Data for this exercise Block Start
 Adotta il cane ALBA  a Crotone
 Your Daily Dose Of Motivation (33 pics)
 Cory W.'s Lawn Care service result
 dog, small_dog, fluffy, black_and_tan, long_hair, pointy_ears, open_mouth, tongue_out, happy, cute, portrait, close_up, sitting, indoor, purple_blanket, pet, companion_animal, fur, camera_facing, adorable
Data for this exercise Block End
Data for this exercise Block Start
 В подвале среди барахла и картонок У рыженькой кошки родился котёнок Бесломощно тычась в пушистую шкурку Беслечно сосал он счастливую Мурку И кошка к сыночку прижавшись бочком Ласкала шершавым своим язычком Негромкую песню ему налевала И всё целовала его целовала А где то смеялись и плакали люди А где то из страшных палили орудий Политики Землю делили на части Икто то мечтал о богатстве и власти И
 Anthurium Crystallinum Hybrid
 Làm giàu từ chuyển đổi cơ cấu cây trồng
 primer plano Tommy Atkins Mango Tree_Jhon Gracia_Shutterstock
Data for this exercise Block End
Data for this exercise Block Start
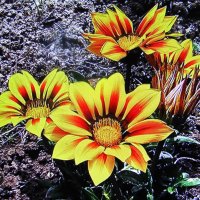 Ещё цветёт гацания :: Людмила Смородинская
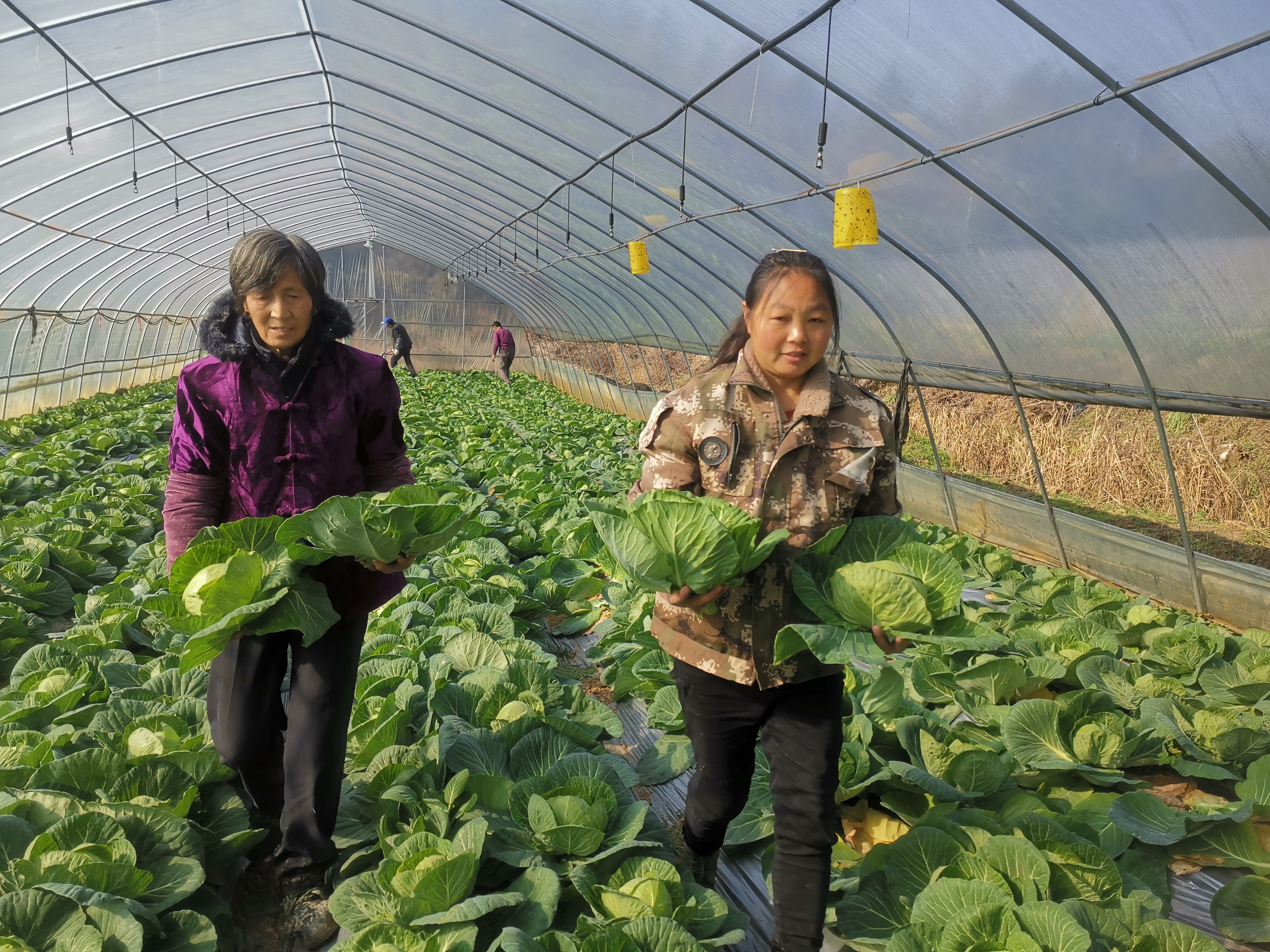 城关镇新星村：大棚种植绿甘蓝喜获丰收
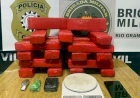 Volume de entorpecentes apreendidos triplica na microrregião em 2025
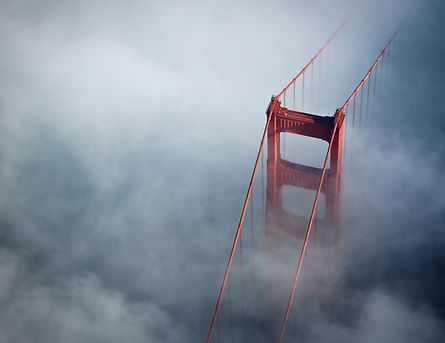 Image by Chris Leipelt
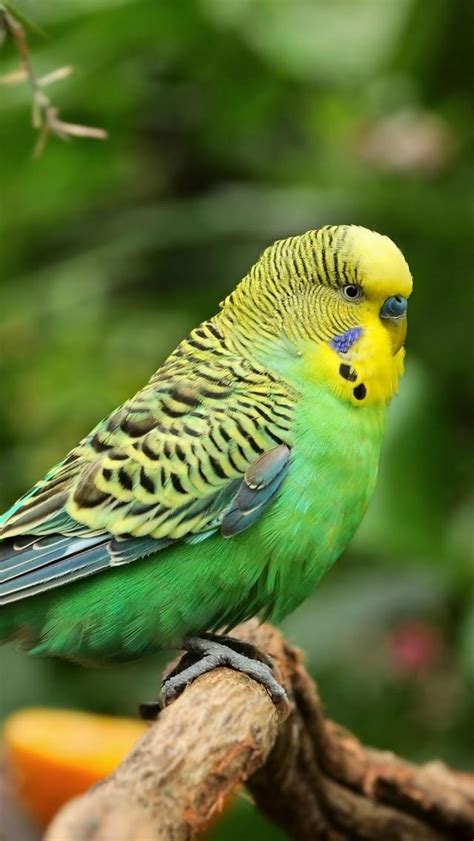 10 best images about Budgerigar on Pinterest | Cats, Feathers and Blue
Data for this exercise Block End
What you need to do:
Restate word for word every line from the one with "Ещё цветёт гацания :: Людмила Смородинская" up to and including the one with "10 best images" in the records above, minus the pictures.

Your response:
 Ещё цветёт гацания :: Людмила Смородинская
 城关镇新星村：大棚种植绿甘蓝喜获丰收
 Volume de entorpecentes apreendidos triplica na microrregião em 2025
 Image by Chris Leipelt
 10 best images about Budgerigar on Pinterest | Cats, Feathers and Blue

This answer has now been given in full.